Feature:DefaultDescribeResult

From SPARQL Working Group
Revision as of 12:59, 17 April 2009 by Aseaborne (Talk | contribs)

(diff) ← Older revision | Latest revision (diff) | Newer revision → (diff)
Jump to: navigation, search


Feature: Default DESCRIBE Query Result

Feature description

Currently it is left undefined as to how a SPARQL processor should generate the results of a DESCRIBE query. There are several possible algorithms that might be applied, and these are useful in different contexts. However, for interoperability and for DESCRIBE queries to be more useful, there should be a default algorithm that should be implemented.

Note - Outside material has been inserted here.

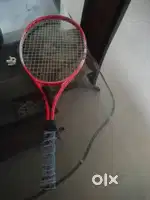 Tennis racket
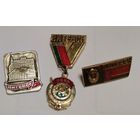 Значки. Витебск, с рубля!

This default result should be created based on the idea that one uses DESCRIBEs to say "give me all you know about </foo>".

Example

Considering this simple query:


DESCRIBE ?x WHERE {
  ?x a foaf:Person.
}

With this in mind, it may interesting to return

<#me> a foaf:Person ;
      foaf:name "Kjetil Kjernsmo" ;
      bio:olb "RDF Geek"@en ;
      foaf:knows <#otherdude> .
foaf:name rdfs:label "Name"@en .
foaf:knows rdfs:label "knows"@en .
bio:olb rdfs:label "Short biography"@en .

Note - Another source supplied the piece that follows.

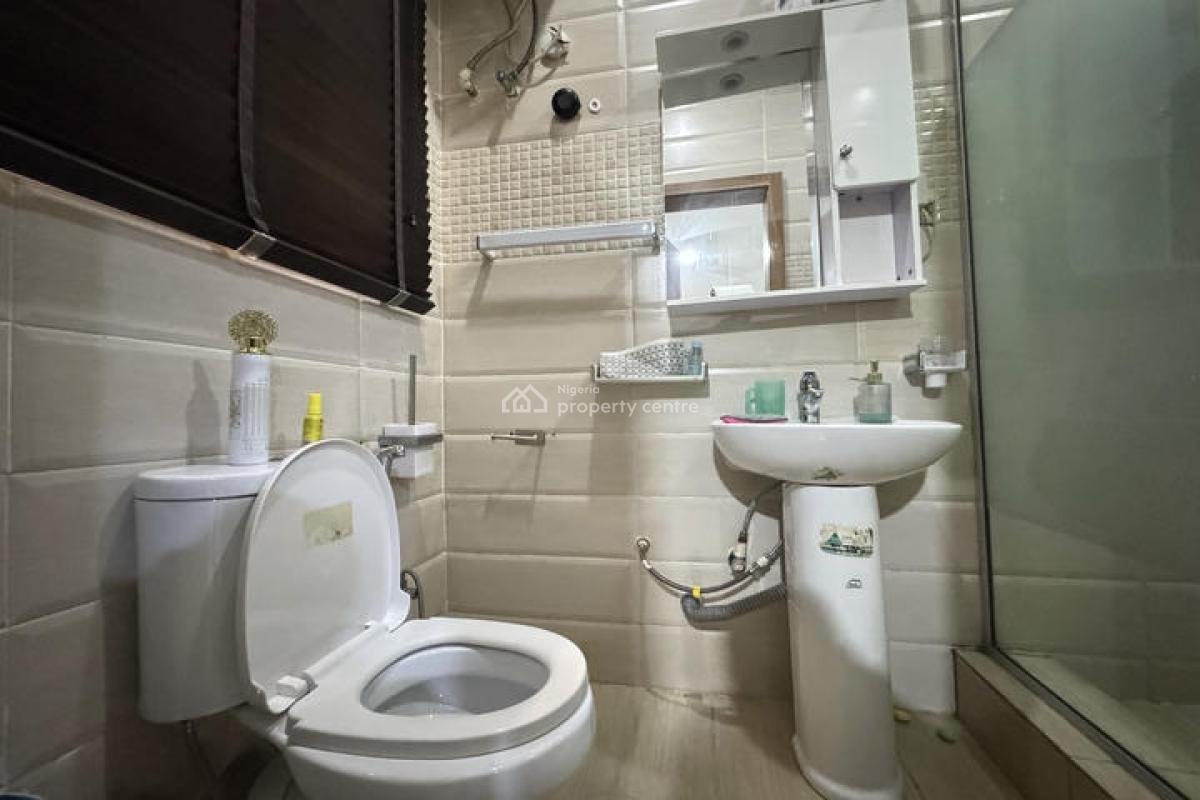 Luxury 2 Bedroom Detached Duplex with 2 Rooms Ensuite Bq, Lekki Scheme 2, Ajah, Lagos, Detached Duplex for Sale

This would be sufficient to create a human-readable presentation of my data.


Existing Implementation(s)

Various algorithms are implemented. Typically, implementations take all properties and objects of the subject to be described as well as blank nodes. See also the CDB submission and Feature:ControlOfDescribeQueries.

Existing Specification / Documentation

Compatibility

DESCRIBE is not normatively defined in SPARQL 1.0, which is part of the problem.

Links to postponed Issues

[1]


Related Features

Feature:ControlOfDescribeQueries is somewhat related, but is not needed, as the query author need not be able to influence it.

Feature:BlankNodeRefs

Champions

User:KjetilK, Computas AS. This suggestion is based on extensive implementation experience with the Sublima system. See also Working Group email from Kjetil.

Use cases

I'm a frequent user of a price comparison site with quite advanced search options. For an example, consider this page that can be used to search for CPUs at the Norwegian Hardware.no site.

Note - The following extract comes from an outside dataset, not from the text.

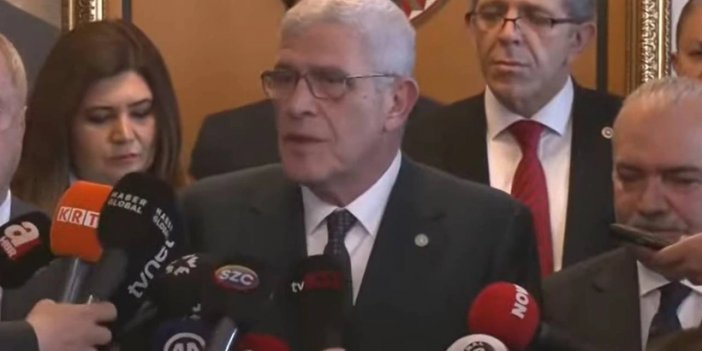 Dervişoğlu'ndan Bahçeli'ye 'hain' yanıtı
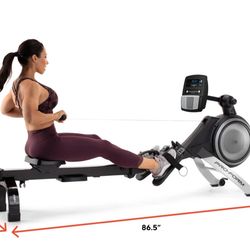 Pro Form Rower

However, it isn't quite there, as there are a number of properties that will influence the choice of other components in the system, and just a few characteristics I actually care about.

Thus, I'd like to find a CPU, motherboard and RAM by using a query like this:

DESCRIBE ?cpu ?mobo ?ram WHERE {
  ?cpu 	a <64-bit-CPU> ;
	ex:freq ?freq ;
       	ex:cores ?cores ;
       	ex:TTP ?power ;
       	ex:FSB ?cpufsb ;
	ex:socket ?socket ;
  FILTER (?freq > 2500) 
  FILTER (?cores >= 2)
  FILTER (?power <= 65)
  ?mobo a <ATXformatMobo> ;
  	ex:socket ?socket ;
   	ex:FSB ?mobofsb ;
	ex:ramtype <DDR3RAM> ;
	ex:ramslots 4 ;
	ex:minramcapacity ?ramcap ;
	ex:soundcard true ;
	ex:network true ;
	ex:IEEE1394 true ;
	ex:PCIslots ?pci .
  FILTER (?mobofsb >= ?cpufsb)
  FILTER (?ramcap >= 12)
  FILTER (?pci > 2)
  ?ram	a <DDR3RAM> ;
	ex:FSB ?ramfsb ;
	ex:amount 4096 .
  FILTER (?ramfsb = ?cpufsb)
}

Allthough this is a long query, it is not difficult to imagine something like this being generated by the interface at Hardware.no. Now, it is not difficult how this could be made even more interesting, by using linked data concepts, the information about RAID controllers, which many motherboard claim to have, could be augmented with data from a RAID FAQ which has data not provided by manufacturers. Data on e.g. linux compatibility could also be added by linking to third party endpoints. This is truly the power of linked data, and something that is not possible in today's web.

So, now that the use case is clear, what data would one expect from the endpoint? I would expect to get all the information that is needed to build a sensible user interface with the data retrieved in this query. I therefore think that the query should return not only triples containing ?cpu, ?mobo and ?ram as subjects. It should also return, if available certain triples that would aid the user in understanding the result, e.g. the triple

ex:TTP rdfs:label "Typical Thermal Power"@en .

is something that most users will need to understand the result. If they are not present, the user will need to launch more queries to make the original query useful. This is just one example, but I think some effort should be put into thinking about how to make DESCRIBE queries most useful.

There is some heterogenity about the information available for each of the components, thus a SELECT or CONSTRUCT query would be much more complex as many more variables would have to be listed. This is a very good case for using DESCRIBEs in general, and an interesting use case to figure out what DESCRIBEs should be good for. --KjetilK 22:38, 22 March 2009 (UTC)

References